Call it a perfect storm. Cheap storage and a huge influx of structured and unstructured data have led to the development of numerous Big Data tools designed to help companies ‘unlock the value’ of the giant stores of data they’ve accumulated, from customer records and product performance results to social media feeds and more.
Like traditional business intelligence (BI), these new big data tools can analyze past trends to help companies identify important patterns such as specific sales trends. Many big data tools are now offering a new generation predictive and prescriptive insights as well from all that data buried deep in your data center or off-premise.

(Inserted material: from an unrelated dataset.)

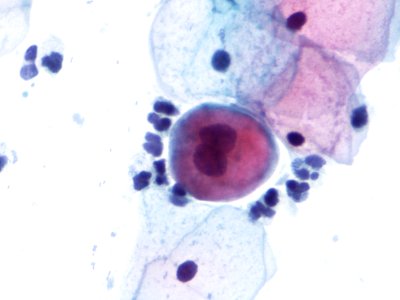 Lesión intraepitelial escamosa de bajo grado (LSIL) (9723420140)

The challenge, as Gartner analyst Doug Laney tells Datamation, is less about scaling infrastructure to handle all this data, but the variety of the data itself.
“The real challenge that vendors have only scratched the surface of is dealing with, integrating, co-structuring, and making sense of inputs from one’s own transaction and customer data, plus data from partners and suppliers, then also the expanding world of exogenous data such as social media, open data and syndicated data (from data brokers),” Laney said in an email.
And even though Gartner clients by a 2-to-1 margin say data variety is a greater issue for them than either volume or velocity of data, “vendors continue to peddle ‘bigger and faster’ solutions instead.”
Constellation Research analyst Doug Henschen says big data solutions are definitely evolving.
“In my book, 2014 was the year of SQL-on-Hadoop announcements, but this year companies and vendors started to realize that the opportunity with big data isn’t just to scale up traditional BI and Data Warehousing,” says Henschen. “Thus the Apache Spark open source framework and other analytical options that go beyond SQL have been hot in 2015. Spark was embraced by scores of vendors and hundreds of big companies in 2015. IBM was the most visible vendor advocate, but plenty of other data-integration and big data platform companies joined the bandwagon.”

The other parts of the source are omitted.